The budget saw little in the way of incentives for small-scale developers to help ease supply challenges. The new budget tax incentives were reserved for larger build-to-rent projects that only apply to projects consisting of 50 or more dwellings made available for rent. The dwellings must be retained for at least 10 years before being able to be sold individually and tenants must be offered a lease term of at least three years for each dwelling.
The budget numbers confirmed the population boom. This is mainly being driven by skilled migrants who need somewhere to live, which in turn drives more competition for the limited supply of homes on the market. According to the budget, population growth is accelerating to 2.0% in 2022–23, then forecast to be 1.7% in 2023–24 (up from an estimated 1.4% for those years in last October’s budget).
This latest demand outlook is in line with RBA Governor Lowe’s recent observation that: “Population growth…will soon be around two per cent, which would be close to the peak reached during the resources boom. In contrast…it takes a long time for housing supply to respond fully to shifts in population growth – in the previous episode of strong population growth, it took around five years. The balance between demand and supply in the housing market will result in rents inflation being quite high for a while.” (RBA Governor Lowe, “Monetary Policy, Demand and Supply”, 5 April 2023).
[Opinion] Potential for a housing boom in 2024
Rob Flux, developer and educator from the Property Developer Network, expects home affordability to improve until the start of next year, given its critical importance as a policy issue.
“Housing affordability is very high on the agenda, so the RBA will hold their rates steady probably until Christmas, before they start to come off in the early new year,” Flux said.
Once monetary policy starts to ease, Australia could see a second housing boom on the back of improved affordability, in tandem with rising demand created by the resumption of immigration since the wind up of Covid-related restrictions.

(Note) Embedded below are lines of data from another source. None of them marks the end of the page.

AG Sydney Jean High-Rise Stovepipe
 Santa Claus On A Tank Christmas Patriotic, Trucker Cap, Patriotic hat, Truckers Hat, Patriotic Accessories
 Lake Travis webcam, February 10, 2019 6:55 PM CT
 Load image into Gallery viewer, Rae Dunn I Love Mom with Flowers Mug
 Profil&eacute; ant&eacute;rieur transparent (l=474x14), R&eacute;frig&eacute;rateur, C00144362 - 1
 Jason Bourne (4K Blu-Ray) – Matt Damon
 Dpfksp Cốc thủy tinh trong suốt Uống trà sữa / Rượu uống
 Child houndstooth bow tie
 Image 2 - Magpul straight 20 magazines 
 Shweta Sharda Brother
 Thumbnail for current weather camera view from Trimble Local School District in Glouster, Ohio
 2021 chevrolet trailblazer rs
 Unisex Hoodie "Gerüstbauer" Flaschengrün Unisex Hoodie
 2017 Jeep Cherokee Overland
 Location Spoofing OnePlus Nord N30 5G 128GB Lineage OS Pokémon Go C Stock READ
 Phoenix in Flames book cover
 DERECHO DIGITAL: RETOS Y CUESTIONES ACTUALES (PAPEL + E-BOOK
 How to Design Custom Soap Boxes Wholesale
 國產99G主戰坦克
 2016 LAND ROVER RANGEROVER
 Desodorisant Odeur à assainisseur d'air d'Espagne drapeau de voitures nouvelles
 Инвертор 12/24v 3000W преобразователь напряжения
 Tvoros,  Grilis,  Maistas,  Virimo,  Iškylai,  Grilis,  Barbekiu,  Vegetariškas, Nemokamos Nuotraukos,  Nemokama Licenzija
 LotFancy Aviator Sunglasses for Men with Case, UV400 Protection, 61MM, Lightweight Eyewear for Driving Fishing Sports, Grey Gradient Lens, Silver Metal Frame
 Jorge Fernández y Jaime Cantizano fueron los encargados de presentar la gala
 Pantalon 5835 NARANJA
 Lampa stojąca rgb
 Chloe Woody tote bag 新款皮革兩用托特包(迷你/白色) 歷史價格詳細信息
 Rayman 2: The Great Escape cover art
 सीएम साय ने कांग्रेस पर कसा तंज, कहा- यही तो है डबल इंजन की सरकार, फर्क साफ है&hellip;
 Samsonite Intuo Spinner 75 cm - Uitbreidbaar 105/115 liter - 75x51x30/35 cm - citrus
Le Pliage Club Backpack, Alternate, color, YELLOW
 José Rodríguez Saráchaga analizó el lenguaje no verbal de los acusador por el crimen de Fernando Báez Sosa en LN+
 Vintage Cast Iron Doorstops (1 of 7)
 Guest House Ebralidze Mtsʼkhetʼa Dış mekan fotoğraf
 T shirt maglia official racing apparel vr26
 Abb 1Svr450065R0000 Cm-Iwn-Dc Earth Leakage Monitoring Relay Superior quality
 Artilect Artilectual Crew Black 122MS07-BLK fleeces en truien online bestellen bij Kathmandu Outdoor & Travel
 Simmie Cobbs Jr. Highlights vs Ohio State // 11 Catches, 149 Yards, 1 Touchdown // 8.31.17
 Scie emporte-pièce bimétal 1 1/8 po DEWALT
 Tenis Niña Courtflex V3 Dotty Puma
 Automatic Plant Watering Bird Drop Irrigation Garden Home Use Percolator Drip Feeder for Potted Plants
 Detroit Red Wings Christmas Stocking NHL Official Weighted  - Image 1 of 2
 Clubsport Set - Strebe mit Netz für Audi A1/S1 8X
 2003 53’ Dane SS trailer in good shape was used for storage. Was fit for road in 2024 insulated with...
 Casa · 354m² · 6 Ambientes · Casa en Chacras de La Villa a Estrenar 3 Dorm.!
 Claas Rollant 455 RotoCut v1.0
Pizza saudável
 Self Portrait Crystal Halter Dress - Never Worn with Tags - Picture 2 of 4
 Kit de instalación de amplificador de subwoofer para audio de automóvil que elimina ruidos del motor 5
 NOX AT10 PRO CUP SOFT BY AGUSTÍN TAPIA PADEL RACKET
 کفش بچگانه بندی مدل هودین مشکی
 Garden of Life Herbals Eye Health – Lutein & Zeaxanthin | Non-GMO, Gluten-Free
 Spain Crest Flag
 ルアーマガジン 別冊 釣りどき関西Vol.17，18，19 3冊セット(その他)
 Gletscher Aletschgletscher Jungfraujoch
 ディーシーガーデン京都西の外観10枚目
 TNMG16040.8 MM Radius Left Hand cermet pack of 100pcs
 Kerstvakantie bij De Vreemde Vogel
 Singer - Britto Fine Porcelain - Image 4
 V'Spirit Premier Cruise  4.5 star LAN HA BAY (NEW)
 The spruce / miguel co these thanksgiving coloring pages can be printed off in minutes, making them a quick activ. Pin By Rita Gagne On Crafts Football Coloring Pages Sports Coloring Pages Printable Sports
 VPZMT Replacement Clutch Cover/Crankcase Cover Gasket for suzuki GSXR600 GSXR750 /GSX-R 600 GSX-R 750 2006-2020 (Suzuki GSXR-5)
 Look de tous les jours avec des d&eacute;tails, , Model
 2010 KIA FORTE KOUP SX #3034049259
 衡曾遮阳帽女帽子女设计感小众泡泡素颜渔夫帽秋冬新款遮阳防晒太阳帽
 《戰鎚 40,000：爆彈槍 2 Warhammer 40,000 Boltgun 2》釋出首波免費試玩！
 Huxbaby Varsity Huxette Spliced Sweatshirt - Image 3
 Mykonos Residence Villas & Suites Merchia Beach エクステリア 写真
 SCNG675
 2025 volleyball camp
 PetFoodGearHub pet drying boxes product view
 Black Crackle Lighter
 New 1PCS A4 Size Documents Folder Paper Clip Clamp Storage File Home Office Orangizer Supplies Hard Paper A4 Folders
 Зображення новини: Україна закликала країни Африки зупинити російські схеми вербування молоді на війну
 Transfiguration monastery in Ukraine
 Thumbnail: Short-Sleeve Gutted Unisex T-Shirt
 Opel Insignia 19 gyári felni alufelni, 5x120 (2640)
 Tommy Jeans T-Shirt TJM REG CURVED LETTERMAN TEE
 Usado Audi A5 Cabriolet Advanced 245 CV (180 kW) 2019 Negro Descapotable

“We have more immigration-driven population growth now than before Covid, and that’s starting to put huge demand on the housing market, which is reflected in a jump in rents,” Flux said.
“We also have a massive undersupply in potential stock, and that’s going to collide with the jump in demand.
“As interest rates start to come down early next year, that’s when I would project the start of a second-phase boom in the housing market.”
Flux advises that developers and investors make preparations in advance for this upcoming housing boom.
“It’s going to take 12 - 18 months to get approvals and construction underway, so we need to be getting into deals now, because by the time we get out of our deals, the boom may have started.”
Ingram said CrowdProperty was seeing the ‘rental squeeze’ driving up rents.
“This isn’t good for people who need homes, but it is positive for those planning build-to-rent projects or projects in progress. We have seen increased project valuations, and there is certainly demand for the finished product.”